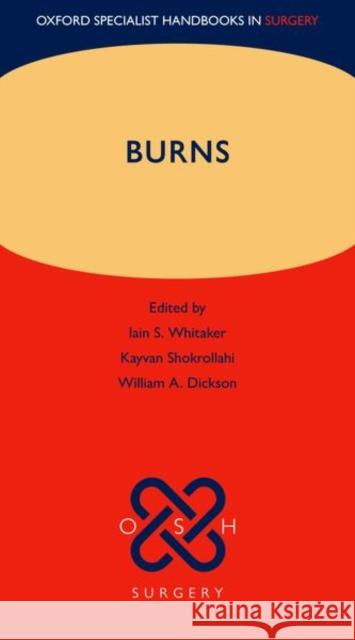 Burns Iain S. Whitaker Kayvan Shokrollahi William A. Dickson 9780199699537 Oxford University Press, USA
□ □ □ □
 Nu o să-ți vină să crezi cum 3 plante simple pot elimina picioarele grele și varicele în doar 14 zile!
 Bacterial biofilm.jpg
□ □ □ □
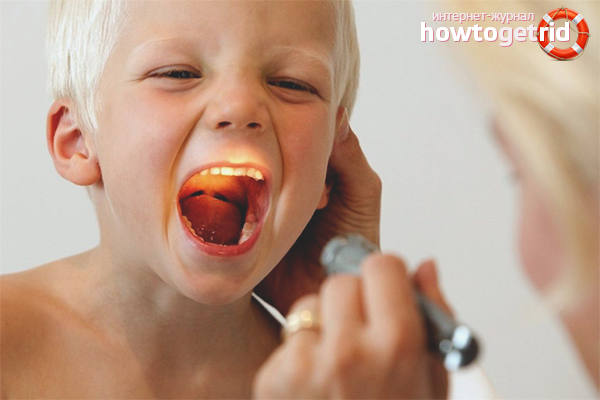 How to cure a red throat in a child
□ □ □ □
Repeat word for word the lines above that run from the line containing "Nu o să-ți vină" through the line containing "Bacterial biofilm.jpg", both ends included, and nothing else.

RESULT:
 Nu o să-ți vină să crezi cum 3 plante simple pot elimina picioarele grele și varicele în doar 14 zile!
 Bacterial biofilm.jpg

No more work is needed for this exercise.